(WHAT IS REQUIRED) Every single record needs to be restated word for word.

(ENTRIES PROVIDED)
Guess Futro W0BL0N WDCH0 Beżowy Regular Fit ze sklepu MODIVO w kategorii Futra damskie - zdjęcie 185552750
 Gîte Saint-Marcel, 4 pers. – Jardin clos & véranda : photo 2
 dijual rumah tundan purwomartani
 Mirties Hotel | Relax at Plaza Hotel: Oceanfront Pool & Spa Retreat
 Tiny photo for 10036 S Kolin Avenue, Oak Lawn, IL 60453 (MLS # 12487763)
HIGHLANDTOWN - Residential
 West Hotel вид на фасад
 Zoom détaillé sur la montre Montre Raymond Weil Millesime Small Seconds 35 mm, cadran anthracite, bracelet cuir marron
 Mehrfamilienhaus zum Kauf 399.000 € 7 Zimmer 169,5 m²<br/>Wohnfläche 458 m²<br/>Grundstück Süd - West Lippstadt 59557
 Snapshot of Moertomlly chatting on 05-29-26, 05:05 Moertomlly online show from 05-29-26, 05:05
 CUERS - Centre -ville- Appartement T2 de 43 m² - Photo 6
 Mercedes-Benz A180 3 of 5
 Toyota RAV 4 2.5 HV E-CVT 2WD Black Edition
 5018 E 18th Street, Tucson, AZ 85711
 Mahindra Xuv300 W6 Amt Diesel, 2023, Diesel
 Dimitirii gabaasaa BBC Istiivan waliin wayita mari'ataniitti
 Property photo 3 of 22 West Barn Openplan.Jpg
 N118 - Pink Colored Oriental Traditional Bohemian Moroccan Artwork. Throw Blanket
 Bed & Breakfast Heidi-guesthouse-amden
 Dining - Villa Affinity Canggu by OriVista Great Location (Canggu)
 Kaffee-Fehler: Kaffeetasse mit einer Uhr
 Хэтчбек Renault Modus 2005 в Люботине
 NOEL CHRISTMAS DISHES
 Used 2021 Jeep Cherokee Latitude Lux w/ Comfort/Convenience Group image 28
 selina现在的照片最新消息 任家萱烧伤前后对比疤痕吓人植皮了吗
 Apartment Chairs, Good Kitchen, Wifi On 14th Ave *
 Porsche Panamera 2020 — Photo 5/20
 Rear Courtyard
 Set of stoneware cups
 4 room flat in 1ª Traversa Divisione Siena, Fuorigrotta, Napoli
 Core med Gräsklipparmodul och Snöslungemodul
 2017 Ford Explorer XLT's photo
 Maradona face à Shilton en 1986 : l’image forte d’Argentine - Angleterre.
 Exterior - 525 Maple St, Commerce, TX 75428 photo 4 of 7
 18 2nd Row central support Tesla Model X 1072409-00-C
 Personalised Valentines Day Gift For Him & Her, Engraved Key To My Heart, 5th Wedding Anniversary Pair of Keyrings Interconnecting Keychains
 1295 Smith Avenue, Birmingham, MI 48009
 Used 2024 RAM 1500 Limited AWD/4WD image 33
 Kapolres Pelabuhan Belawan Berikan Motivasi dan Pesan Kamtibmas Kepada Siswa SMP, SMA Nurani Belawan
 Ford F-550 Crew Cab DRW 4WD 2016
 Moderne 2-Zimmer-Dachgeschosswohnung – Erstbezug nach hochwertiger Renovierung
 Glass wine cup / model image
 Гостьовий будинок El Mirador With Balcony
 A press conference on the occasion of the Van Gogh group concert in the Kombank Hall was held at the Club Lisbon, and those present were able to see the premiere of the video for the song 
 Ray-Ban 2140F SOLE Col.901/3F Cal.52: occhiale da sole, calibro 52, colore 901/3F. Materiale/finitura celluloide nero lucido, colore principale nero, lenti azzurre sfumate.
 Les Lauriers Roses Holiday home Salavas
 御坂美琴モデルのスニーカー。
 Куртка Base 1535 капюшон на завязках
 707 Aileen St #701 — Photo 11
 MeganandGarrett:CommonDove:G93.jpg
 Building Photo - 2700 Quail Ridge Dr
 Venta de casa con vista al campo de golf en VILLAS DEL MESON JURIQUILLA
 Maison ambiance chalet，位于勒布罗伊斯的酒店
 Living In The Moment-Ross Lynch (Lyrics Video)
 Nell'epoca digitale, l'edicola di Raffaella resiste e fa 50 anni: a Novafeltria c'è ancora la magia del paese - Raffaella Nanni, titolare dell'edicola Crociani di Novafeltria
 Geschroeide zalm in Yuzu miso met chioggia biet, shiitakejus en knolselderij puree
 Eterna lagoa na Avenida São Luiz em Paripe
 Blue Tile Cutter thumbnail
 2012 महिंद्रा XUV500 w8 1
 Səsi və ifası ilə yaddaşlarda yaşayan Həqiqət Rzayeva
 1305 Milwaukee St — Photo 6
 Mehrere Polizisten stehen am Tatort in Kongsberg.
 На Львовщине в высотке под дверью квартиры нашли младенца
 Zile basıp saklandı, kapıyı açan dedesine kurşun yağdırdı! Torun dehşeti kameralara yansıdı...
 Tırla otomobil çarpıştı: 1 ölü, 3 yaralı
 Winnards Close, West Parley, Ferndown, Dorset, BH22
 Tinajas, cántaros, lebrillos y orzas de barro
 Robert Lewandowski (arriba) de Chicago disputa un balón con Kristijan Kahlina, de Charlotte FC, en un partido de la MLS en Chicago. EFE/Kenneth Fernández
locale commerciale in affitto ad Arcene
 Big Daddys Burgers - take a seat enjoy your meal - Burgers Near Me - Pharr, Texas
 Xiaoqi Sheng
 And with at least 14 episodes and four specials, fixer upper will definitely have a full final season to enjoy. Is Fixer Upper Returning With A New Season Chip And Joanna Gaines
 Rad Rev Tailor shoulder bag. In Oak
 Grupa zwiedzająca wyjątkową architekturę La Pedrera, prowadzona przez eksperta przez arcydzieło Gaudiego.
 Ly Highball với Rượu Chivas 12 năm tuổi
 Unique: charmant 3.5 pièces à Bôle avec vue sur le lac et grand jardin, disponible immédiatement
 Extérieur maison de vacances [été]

(SOLUTION TO THE PROBLEM)
Guess Futro W0BL0N WDCH0 Beżowy Regular Fit ze sklepu MODIVO w kategorii Futra damskie - zdjęcie 185552750
 Gîte Saint-Marcel, 4 pers. – Jardin clos & véranda : photo 2
 dijual rumah tundan purwomartani
 Mirties Hotel | Relax at Plaza Hotel: Oceanfront Pool & Spa Retreat
 Tiny photo for 10036 S Kolin Avenue, Oak Lawn, IL 60453 (MLS # 12487763)
HIGHLANDTOWN - Residential
 West Hotel вид на фасад
 Zoom détaillé sur la montre Montre Raymond Weil Millesime Small Seconds 35 mm, cadran anthracite, bracelet cuir marron
 Mehrfamilienhaus zum Kauf 399.000 € 7 Zimmer 169,5 m²<br/>Wohnfläche 458 m²<br/>Grundstück Süd - West Lippstadt 59557
 Snapshot of Moertomlly chatting on 05-29-26, 05:05 Moertomlly online show from 05-29-26, 05:05
 CUERS - Centre -ville- Appartement T2 de 43 m² - Photo 6
 Mercedes-Benz A180 3 of 5
 Toyota RAV 4 2.5 HV E-CVT 2WD Black Edition
 5018 E 18th Street, Tucson, AZ 85711
 Mahindra Xuv300 W6 Amt Diesel, 2023, Diesel
 Dimitirii gabaasaa BBC Istiivan waliin wayita mari'ataniitti
 Property photo 3 of 22 West Barn Openplan.Jpg
 N118 - Pink Colored Oriental Traditional Bohemian Moroccan Artwork. Throw Blanket
 Bed & Breakfast Heidi-guesthouse-amden
 Dining - Villa Affinity Canggu by OriVista Great Location (Canggu)
 Kaffee-Fehler: Kaffeetasse mit einer Uhr
 Хэтчбек Renault Modus 2005 в Люботине
 NOEL CHRISTMAS DISHES
 Used 2021 Jeep Cherokee Latitude Lux w/ Comfort/Convenience Group image 28
 selina现在的照片最新消息 任家萱烧伤前后对比疤痕吓人植皮了吗
 Apartment Chairs, Good Kitchen, Wifi On 14th Ave *
 Porsche Panamera 2020 — Photo 5/20
 Rear Courtyard
 Set of stoneware cups
 4 room flat in 1ª Traversa Divisione Siena, Fuorigrotta, Napoli
 Core med Gräsklipparmodul och Snöslungemodul
 2017 Ford Explorer XLT's photo
 Maradona face à Shilton en 1986 : l’image forte d’Argentine - Angleterre.
 Exterior - 525 Maple St, Commerce, TX 75428 photo 4 of 7
 18 2nd Row central support Tesla Model X 1072409-00-C
 Personalised Valentines Day Gift For Him & Her, Engraved Key To My Heart, 5th Wedding Anniversary Pair of Keyrings Interconnecting Keychains
 1295 Smith Avenue, Birmingham, MI 48009
 Used 2024 RAM 1500 Limited AWD/4WD image 33
 Kapolres Pelabuhan Belawan Berikan Motivasi dan Pesan Kamtibmas Kepada Siswa SMP, SMA Nurani Belawan
 Ford F-550 Crew Cab DRW 4WD 2016
 Moderne 2-Zimmer-Dachgeschosswohnung – Erstbezug nach hochwertiger Renovierung
 Glass wine cup / model image
 Гостьовий будинок El Mirador With Balcony
 A press conference on the occasion of the Van Gogh group concert in the Kombank Hall was held at the Club Lisbon, and those present were able to see the premiere of the video for the song 
 Ray-Ban 2140F SOLE Col.901/3F Cal.52: occhiale da sole, calibro 52, colore 901/3F. Materiale/finitura celluloide nero lucido, colore principale nero, lenti azzurre sfumate.
 Les Lauriers Roses Holiday home Salavas
 御坂美琴モデルのスニーカー。
 Куртка Base 1535 капюшон на завязках
 707 Aileen St #701 — Photo 11
 MeganandGarrett:CommonDove:G93.jpg
 Building Photo - 2700 Quail Ridge Dr
 Venta de casa con vista al campo de golf en VILLAS DEL MESON JURIQUILLA
 Maison ambiance chalet，位于勒布罗伊斯的酒店
 Living In The Moment-Ross Lynch (Lyrics Video)
 Nell'epoca digitale, l'edicola di Raffaella resiste e fa 50 anni: a Novafeltria c'è ancora la magia del paese - Raffaella Nanni, titolare dell'edicola Crociani di Novafeltria
 Geschroeide zalm in Yuzu miso met chioggia biet, shiitakejus en knolselderij puree
 Eterna lagoa na Avenida São Luiz em Paripe
 Blue Tile Cutter thumbnail
 2012 महिंद्रा XUV500 w8 1
 Səsi və ifası ilə yaddaşlarda yaşayan Həqiqət Rzayeva
 1305 Milwaukee St — Photo 6
 Mehrere Polizisten stehen am Tatort in Kongsberg.
 На Львовщине в высотке под дверью квартиры нашли младенца
 Zile basıp saklandı, kapıyı açan dedesine kurşun yağdırdı! Torun dehşeti kameralara yansıdı...
 Tırla otomobil çarpıştı: 1 ölü, 3 yaralı
 Winnards Close, West Parley, Ferndown, Dorset, BH22
 Tinajas, cántaros, lebrillos y orzas de barro
 Robert Lewandowski (arriba) de Chicago disputa un balón con Kristijan Kahlina, de Charlotte FC, en un partido de la MLS en Chicago. EFE/Kenneth Fernández
locale commerciale in affitto ad Arcene
 Big Daddys Burgers - take a seat enjoy your meal - Burgers Near Me - Pharr, Texas
 Xiaoqi Sheng
 And with at least 14 episodes and four specials, fixer upper will definitely have a full final season to enjoy. Is Fixer Upper Returning With A New Season Chip And Joanna Gaines
 Rad Rev Tailor shoulder bag. In Oak
 Grupa zwiedzająca wyjątkową architekturę La Pedrera, prowadzona przez eksperta przez arcydzieło Gaudiego.
 Ly Highball với Rượu Chivas 12 năm tuổi
 Unique: charmant 3.5 pièces à Bôle avec vue sur le lac et grand jardin, disponible immédiatement
 Extérieur maison de vacances [été]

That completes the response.